The European Union’s European Commission (EC) announced Monday an “in-depth investigation” of Apple’s deal to acquire Shazam. While acknowledging the two companies offer complementary services (music streaming and music identification), the EC identified two areas of concern. The first is the fear that Apple could get customer data from the deal allowing the company to target customers of other services. The second is the fear that other services would be at a disadvantage from not getting Shazam referrals.
In other words, it’s a farcical sham of an excuse to mess with Apple.
Here’s the relevant bit from the EC’s announcement:
At this stage, the Commission is concerned that, following the takeover of Shazam, Apple would obtain access to commercially sensitive data about customers of its competitors for the provision of music streaming services in the EEA. Access to such data could allow Apple to directly target its competitors’ customers and encourage them to switch to Apple Music. As a result, competing music streaming services could be put at a competitive disadvantage.
In addition, while at this stage the Commission does not consider Shazam as a key entry point for music streaming services, it will also further investigate whether Apple Music’s competitors would be harmed if Apple, after the transaction, were to discontinue referrals from the Shazam app to them.

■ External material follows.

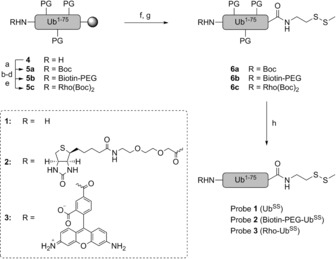 Scheme 2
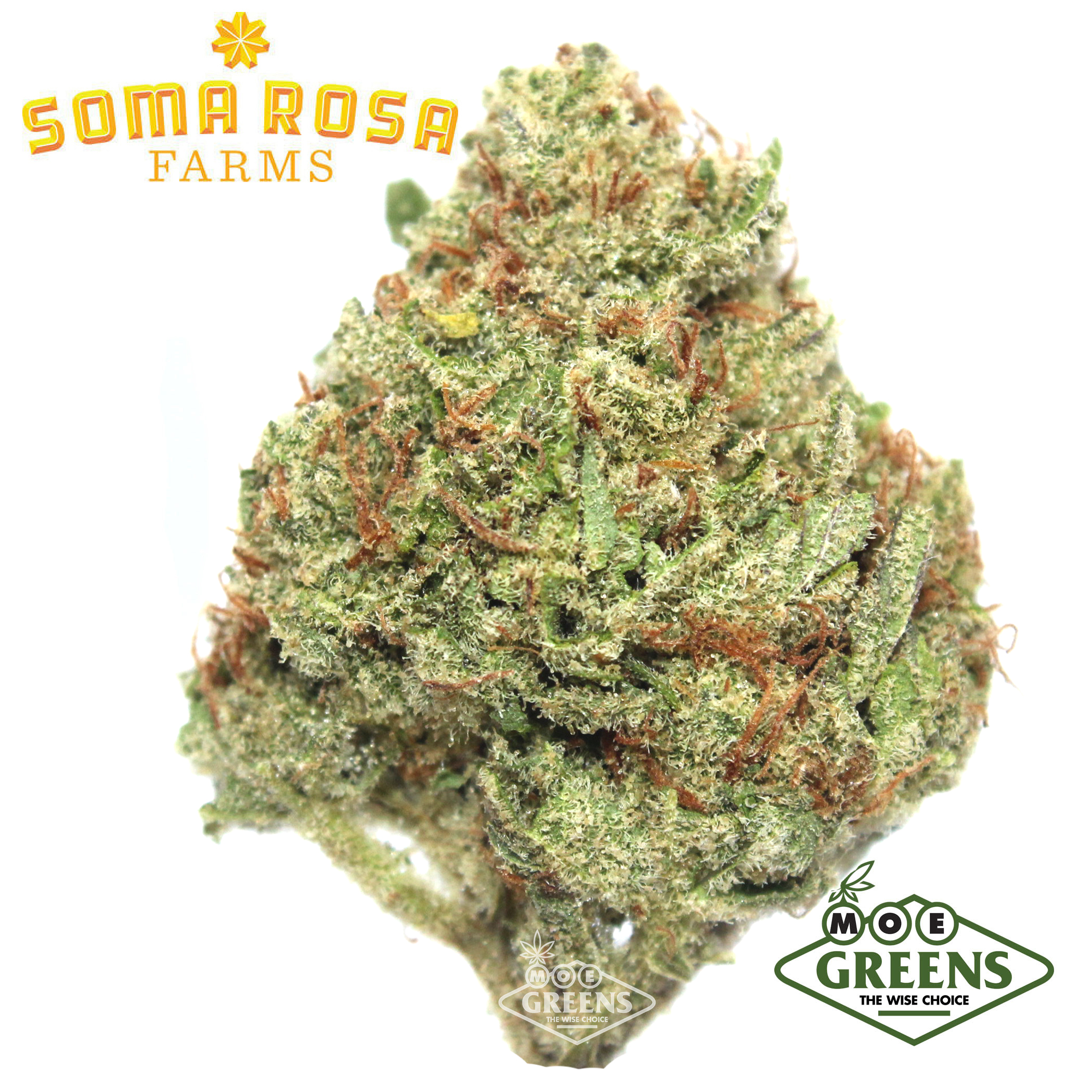 Soma Rosa: Lavender Jack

EU, Shazam, and Eye-Rolling Nonsense
In general, I love how the EU looks after consumer interests ahead of corporate interests, at least compared to the U.S. That’s not to say that the EU is perfect, but the EC tends to do a better job of looking out for ordinary people than regulatory bodies in the U.S.

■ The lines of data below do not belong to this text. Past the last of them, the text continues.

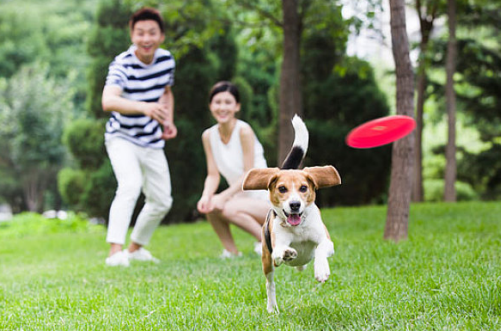 寶寶喜歡學狗叫是怎么回事 喜歡學狗叫怎么辦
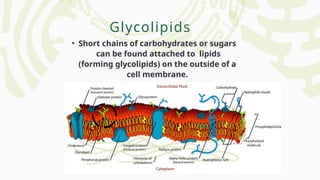 Glycolipids
• Short chains of carbohydrates or sugars
can be found attached to lipids
(forming glycolipids) on the outside of a
cell membrane.
 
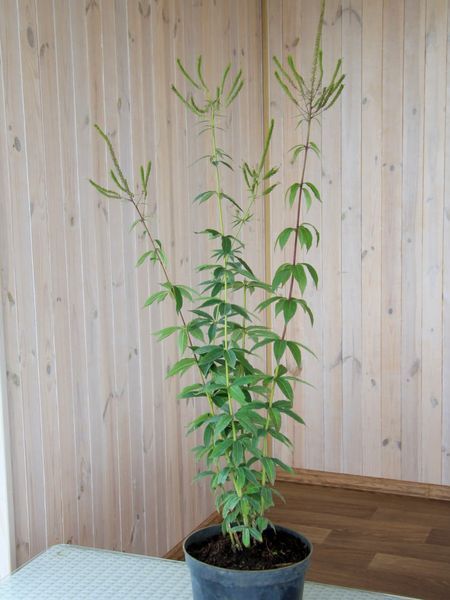 Вероникаструм виргинский / Veronicastrum virginicum 20147 фото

But this one…this one is just nonsense. Apple is the second place music streaming service, Shazam’s service is utterly complementary (meaning the acquisition won’t consolidate the market), and even the EC says Shazam “isn’t a key entry point for music streaming services.” And puhlease…Apple doesn’t need Shazam’s data to target consumers.
So. Why. Investigate. This. Deal. FFS?
There’s plenty to concern regulators around the world when it comes to U.S. and multinational tech giants, but this deal is not one of them. At all.
My assumption is the investigation will conclude that the investigation was a complete and total waste of time and taxpayer money, and if it doesn’t, I’m calling balderdash.